Die Straße entstand, als die Illwerke auf der Höhe Kraftwerke und Stauseen bauten. Die Energie aus der Kraft des Wassers spült nicht unwesentlich Geld ins Montafon, der Strom daraus versorgt vom Westallgäu bis Baden-Württemberg sogar deutsche Regionen. Auch Elisabeths Mann hat dort gearbeitet. „Die liefern ganz schnell, wenn es gebraucht wird“, sagt die Wanderführerin, „dann öffnet sich da oben ein Tor, und binnen Sekunden treibt Wasser die Turbinen an.“ Aus einem Steintrog plätschert es. Elisabeth füllt ihre Hände und trinkt. „Weischt, was au ganz guat isch?“, fragt sie. „Dass man sich hi abspült.“ Sie verreibt das eiskalte Nass auf ihren Pulsadern. „Da hascht gleich mehr Energie!“
Erbe von Rätoromanen und Walsern
Elisabeth wuchs mit acht Geschwistern in Gortipohl auf, wo bis heute typische Montafonerhäuser stehen, verbunden durch den drei Kilometer langen Montafonerhausweg. Wie auch im Dialekt, dem „Muntafunerisch“, verschmilzt, was erste Siedler, Räter und später Walser hinterließen: Romanische Rundbögen, hell gemauerte Eingangs- und Küchenbereiche fusionieren mit dunklem Holz, wie man es von Walserhäusern kennt, zu einem ganz eigenen Stil.

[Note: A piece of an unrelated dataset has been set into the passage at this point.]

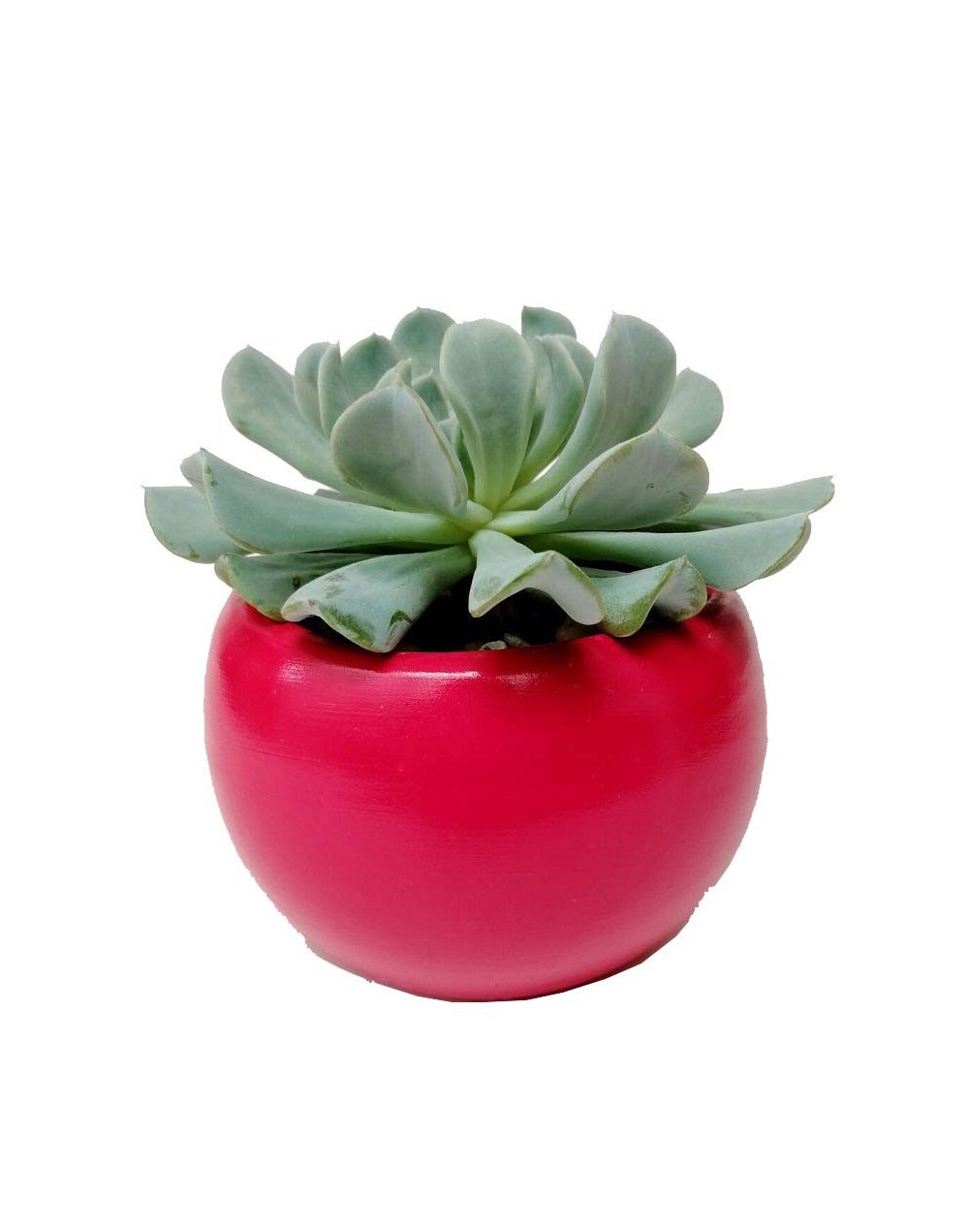 Suculenta echeveria runyonii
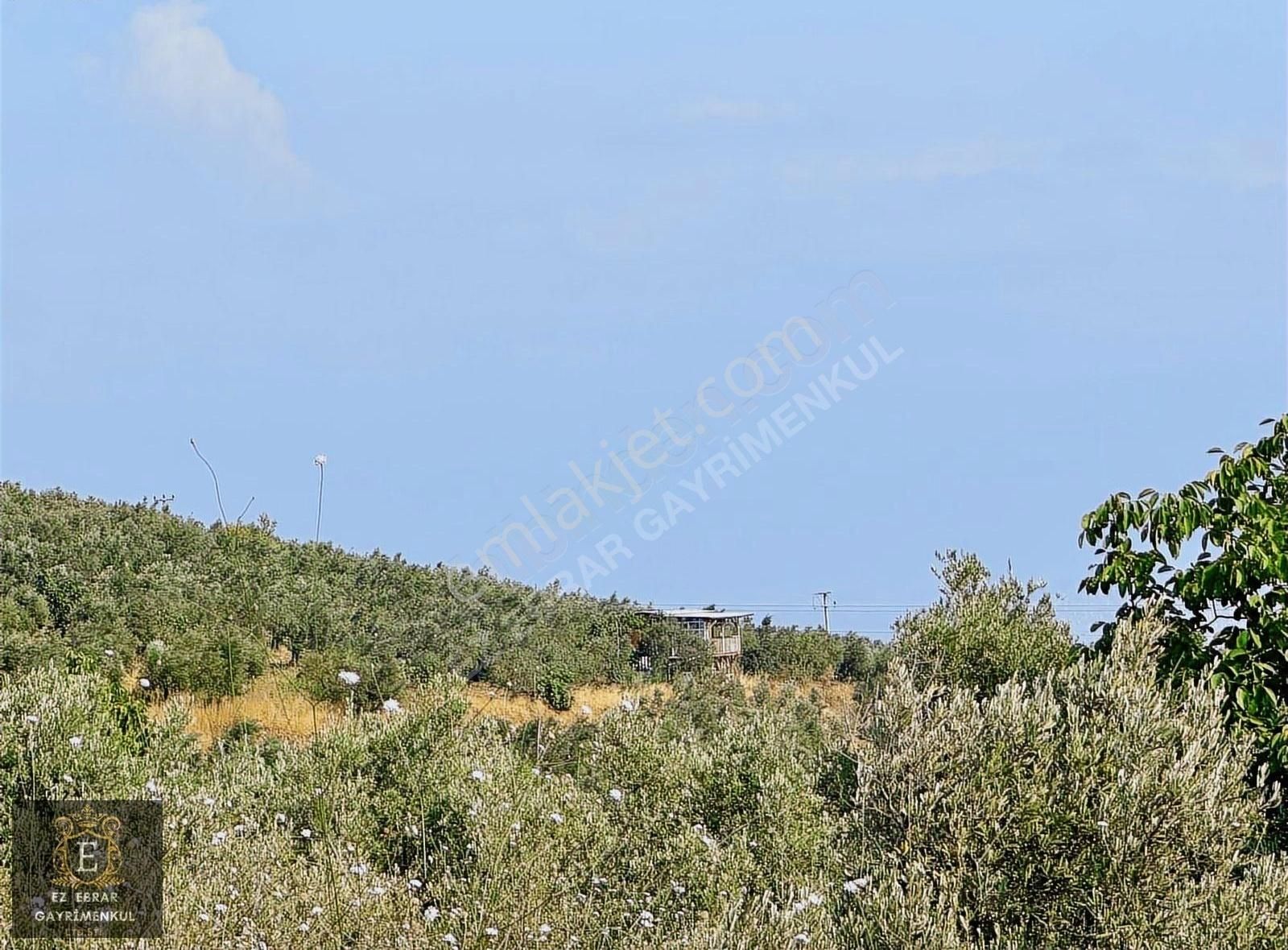 Mudanya İpekyayla'da 2750 M2, Yatırımlık Arazi - Görsel 10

Bei ihrer Ausbildung zur Wanderführerin erfuhr die Ur-Montafonerin eigentlich nicht viel Neues: Bereits als Kind kannte sie jeden Winkel in der Natur, mit Gästen umzugehen lernte sie schon daheim. „Außerdem betrieben wir Alpwirtschaft, also die Dreistufenwirtschaft, wie wir sie hier im Montafon haben“, sagt sie. Bis heute ist ihr liebster Flecken der Maisäß ihrer Familie. Er liegt auf 1600 Metern. Keine Straße, nur eine Materialseilbahn verbindet ins Tal. „Des ischt die zweite Stufe, wo der Bauer zum Teil heute noch im Monat Mai mit dem Vieh hochgeht“, erklärt sie, „Wenn du da obe bisch um 8 Uhr morgens, du siescht ins Tal, dann willscht gar nix mehr.“
Dieser Dreistufenwirtschaft – Tal, Maisäß, Alpe – widmet der heimische Künstler Roland Haas seine Skulpturen. Auf dem gemütlich wanderbaren Themenweg Gauertaler Alpkultour bei Tschagguns überraschen sie uns am nächsten Tag an vielen Stellen. Etwa, wenn ein glattgeschälter Fichtenstamm zwischen orangerot gefärbten Blaubeersträuchern aufstakt, sein tellerförmiges Wurzelwerk gen Himmel reckt. Der tote, umgekehrte Baum soll das Diesseitige verbinden mit der „Anderswelt“.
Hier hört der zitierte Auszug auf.